As the knowledge base is currently the most significant user demand scenario, we natively support the construction and processing of knowledge bases. At the same time, we also provide multiple knowledge base management strategies in this project, such as:

  1. Default built-in knowledge base

  2. Custom addition of knowledge bases

  3. Various usage scenarios such as constructing knowledge bases through plugin capabilities and web crawling.
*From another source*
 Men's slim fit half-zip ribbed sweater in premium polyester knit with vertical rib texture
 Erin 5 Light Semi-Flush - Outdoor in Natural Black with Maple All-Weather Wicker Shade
Users only need to organize the knowledge documents, and they can use our existing capabilities to build the knowledge base required for the large model.

Create your own knowledge repository#

1.Place personal knowledge files or folders in the pilot/datasets directory.

We currently support many document formats: txt, pdf, md, html, doc, ppt, and url.

before execution:

python -m spacy download zh_core_web_sm

2.Update your .env, set your vector store type, VECTOR_STORE_TYPE=Chroma (now only support Chroma and Milvus, if you set Milvus, please set MILVUS_URL and MILVUS_PORT)

2.Run the knowledge repository initialization command

dbgpt knowledge load

Optionally, you can run dbgpt knowledge load --help command to see more usage.

3.Add the knowledge repository in the interface by entering the name of your knowledge repository (if not specified, enter β€œdefault”) so you can use it for Q&A based on your knowledge base.

Note that the default vector model used is text2vec-large-chinese (which is a large model, so if your personal computer configuration is not enough, it is recommended to use text2vec-base-chinese). Therefore, ensure that you download the model and place it in the models directory.